Existem muitas histórias sobre o Batman e muitas formas de contá-las. Uma delas é a que nos é apresentada no mangá Batman: A Máscara da Morte, publicada no Brasil pela Panini Comics/Planet Manga. Mas por que utilizar-se dessa forma narrativa quando os quadrinhos convencionais do Homem-Morcego funcionam tão bem?
Em primeiro lugar, devemos entender algumas diferenças básicas entre o estilo comics e o estilo mangá de se contar uma história. Nos quadrinhos norte-americanos, geralmente temos um personagem que ganha seus poderes por acaso, seja por acidente de laboratório, mutação genética ou exposição à radiação. Super-heróis são obras do destino e geralmente começam a história como uma pessoa comum que teve sua vida drasticamente modificada com a aquisição de habilidades especiais de uma hora para outra. Nos mangás, a coisa é bem diferente. As histórias são mais focadas na “jornada do herói” e têm começo, meio e fim bastante claros. Os personagens evoluem durante a saga, e seus poderes não são dons do destino, mas conquistados com muito esforço. Isso reflete bem o tipo de cultura e modo de vida oriental, que não se apegam a um “destino manifesto”, mas no esforço e superação de desafios. Com os heróis ocidentais isso raramente acontece, e eles já começam sua saga com grandes poderes e grandes responsabilidades, que não se desenvolvem e mantêm um status quo por décadas a fio.
Exceto o Batman!
Batman tem algumas características que podem muito bem se adaptar ao estilo mangá de se contar histórias. Ele não é alienígena, não tem superpoderes, não ganhou suas habilidades por acaso. Ao ver seus pais serem assassinados quando tinha oito anos, Bruce Wayne passou a dedicar sua vida ao treinamento de todos os tipos de artes marciais, além de desenvolver um intelecto superior ao de uma pessoa normal. Bruce uniu força física e mental o suficiente para ser um excelente lutador e, ao mesmo tempo, o maior detetive do mundo. E esse tempo de treinamento, entre o assassinato de seus pais e sua transformação em Batman, é uma lacuna que deixa margem para inúmeras boas histórias, como a do filme Batman Begins e da série televisiva Gotham.
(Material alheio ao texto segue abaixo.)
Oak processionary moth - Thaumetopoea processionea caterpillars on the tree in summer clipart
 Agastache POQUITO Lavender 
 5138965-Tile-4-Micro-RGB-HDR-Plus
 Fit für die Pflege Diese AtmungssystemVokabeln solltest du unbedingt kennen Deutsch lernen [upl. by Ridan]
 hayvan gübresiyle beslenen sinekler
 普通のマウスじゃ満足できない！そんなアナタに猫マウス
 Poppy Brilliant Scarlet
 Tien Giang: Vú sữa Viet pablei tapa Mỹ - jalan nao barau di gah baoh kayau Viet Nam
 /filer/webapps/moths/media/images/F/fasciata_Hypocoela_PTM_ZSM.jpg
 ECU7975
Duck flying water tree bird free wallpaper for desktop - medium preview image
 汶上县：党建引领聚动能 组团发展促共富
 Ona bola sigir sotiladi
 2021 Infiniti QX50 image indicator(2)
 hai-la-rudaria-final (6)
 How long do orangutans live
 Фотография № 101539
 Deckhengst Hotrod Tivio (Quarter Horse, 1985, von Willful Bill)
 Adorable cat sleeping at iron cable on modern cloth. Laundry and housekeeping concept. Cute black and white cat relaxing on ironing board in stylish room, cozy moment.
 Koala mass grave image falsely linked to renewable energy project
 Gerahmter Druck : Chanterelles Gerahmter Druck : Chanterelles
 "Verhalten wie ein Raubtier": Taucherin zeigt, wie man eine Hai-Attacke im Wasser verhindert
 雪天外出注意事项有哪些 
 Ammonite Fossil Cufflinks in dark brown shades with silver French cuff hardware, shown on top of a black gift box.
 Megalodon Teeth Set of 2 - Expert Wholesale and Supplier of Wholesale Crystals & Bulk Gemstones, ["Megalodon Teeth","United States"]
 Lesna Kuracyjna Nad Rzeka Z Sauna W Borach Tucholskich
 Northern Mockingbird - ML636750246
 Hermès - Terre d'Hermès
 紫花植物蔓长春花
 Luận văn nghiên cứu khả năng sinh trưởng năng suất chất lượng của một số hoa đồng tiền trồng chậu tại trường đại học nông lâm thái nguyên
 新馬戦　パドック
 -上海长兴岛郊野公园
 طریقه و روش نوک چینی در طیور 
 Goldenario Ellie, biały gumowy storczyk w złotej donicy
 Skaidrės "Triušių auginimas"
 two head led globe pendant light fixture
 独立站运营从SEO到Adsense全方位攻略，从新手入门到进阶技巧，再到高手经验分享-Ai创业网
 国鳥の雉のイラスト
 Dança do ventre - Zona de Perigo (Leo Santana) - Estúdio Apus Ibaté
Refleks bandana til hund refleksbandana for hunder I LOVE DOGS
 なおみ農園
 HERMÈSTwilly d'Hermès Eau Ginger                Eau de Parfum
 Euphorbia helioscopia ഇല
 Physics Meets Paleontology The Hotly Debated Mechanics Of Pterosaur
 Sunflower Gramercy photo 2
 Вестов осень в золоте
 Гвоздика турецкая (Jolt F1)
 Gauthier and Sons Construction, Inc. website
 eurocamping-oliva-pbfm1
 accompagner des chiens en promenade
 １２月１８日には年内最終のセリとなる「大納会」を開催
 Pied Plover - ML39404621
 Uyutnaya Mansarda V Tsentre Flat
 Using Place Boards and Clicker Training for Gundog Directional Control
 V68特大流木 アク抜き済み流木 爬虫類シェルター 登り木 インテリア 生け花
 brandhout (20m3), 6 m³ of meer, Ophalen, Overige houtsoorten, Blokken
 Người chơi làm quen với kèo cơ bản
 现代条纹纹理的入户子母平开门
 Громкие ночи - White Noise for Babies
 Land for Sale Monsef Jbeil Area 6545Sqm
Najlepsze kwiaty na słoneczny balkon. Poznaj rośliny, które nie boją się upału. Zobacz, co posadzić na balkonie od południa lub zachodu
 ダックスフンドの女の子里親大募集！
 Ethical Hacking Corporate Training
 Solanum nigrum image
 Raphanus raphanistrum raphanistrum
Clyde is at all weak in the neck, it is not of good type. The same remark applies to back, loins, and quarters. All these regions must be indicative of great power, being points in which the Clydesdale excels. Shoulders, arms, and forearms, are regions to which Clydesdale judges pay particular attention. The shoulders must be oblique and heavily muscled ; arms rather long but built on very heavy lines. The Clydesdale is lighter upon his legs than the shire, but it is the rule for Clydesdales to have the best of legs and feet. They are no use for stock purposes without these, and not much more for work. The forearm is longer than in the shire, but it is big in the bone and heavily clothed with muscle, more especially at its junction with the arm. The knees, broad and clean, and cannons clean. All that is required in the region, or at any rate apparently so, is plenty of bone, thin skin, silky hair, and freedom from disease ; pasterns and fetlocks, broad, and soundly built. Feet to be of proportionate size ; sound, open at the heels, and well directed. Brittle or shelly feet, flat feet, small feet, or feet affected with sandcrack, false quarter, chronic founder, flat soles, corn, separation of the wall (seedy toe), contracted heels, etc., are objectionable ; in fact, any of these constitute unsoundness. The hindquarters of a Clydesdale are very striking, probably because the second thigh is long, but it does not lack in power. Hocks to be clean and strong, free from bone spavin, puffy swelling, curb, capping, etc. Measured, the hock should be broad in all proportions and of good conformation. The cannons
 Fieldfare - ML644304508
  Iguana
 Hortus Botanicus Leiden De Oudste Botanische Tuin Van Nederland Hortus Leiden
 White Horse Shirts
Em A Máscara da Morte, vemos uma parte do passado de Bruce Wayne em que ele treina no Japão, antes de se tornar o defensor de Gotham City. Ficamos sabendo um pouco mais sobre seu treinamento, seu sensei e sua formação. Como em todo mangá que se preze, temos alguns elementos místicos na história e que podem parecer estranhos aos leitores ocidentais. Mas esses elementos apenas fazem a história ficar mais interessante e se amarram perfeitamente ao fim do volume. Um assassino novo ronda Gotham, arrancando os rostos de suas vítimas, enquanto Bruce Wayne sofre alucinações com uma estranha e sombria criatura. Um inescrupuloso homem de negócios é apresentado, e sua assistente faz Bruce se recordar do tempo em que passou no Japão. A história faz conexões entre o passado do Cavaleiro das Trevas, os novos personagens apresentados e a criatura sombria, que tem uma silhueta muito parecida com a do próprio Batman. Para derrotá-la, Batman precisa enfrentar seus medos, revisitar o passado e seguir adiante.
A tal Máscara da Morte do título é um artefato místico que se confunde, em vários aspectos, com a própria máscara do Batman, pressupondo que serviu de inspiração para o manto do morcego. Quem a usa passa a sofrer uma maldição que enlouquece seu portador. Isso traz momentos perturbadores para o herói, dando a entender que ele e a criatura são a mesma pessoa.
O estilo mangá se encaixa perfeitamente com a atmosfera da história. Algumas cenas são verdadeiras tomadas cinematográficas, e o visual dinâmico faz o roteiro se desenvolver em um ritmo fantástico. Interessante notar que, em alguns momentos, o uso de onomatopeias sugere, inclusive, uma espécie de “trilha sonora”, coisa bastante rara em gibis ocidentais.
O autor Yoshinore Natsume conta, em uma entrevista ao final do volume, que teve bastante liberdade criativa. Tanto que escreveu em sua língua nativa e no formato que estava acostumado – o modo de leitura oriental é da direita pra esquerda, o que pode causar certo desconforto no início para quem não está acostumado com mangás. Mas é uma excelente leitura, uma forma nova de se interpretar a mitologia do Morcego e, de forma simples e direta, de contar uma boa história.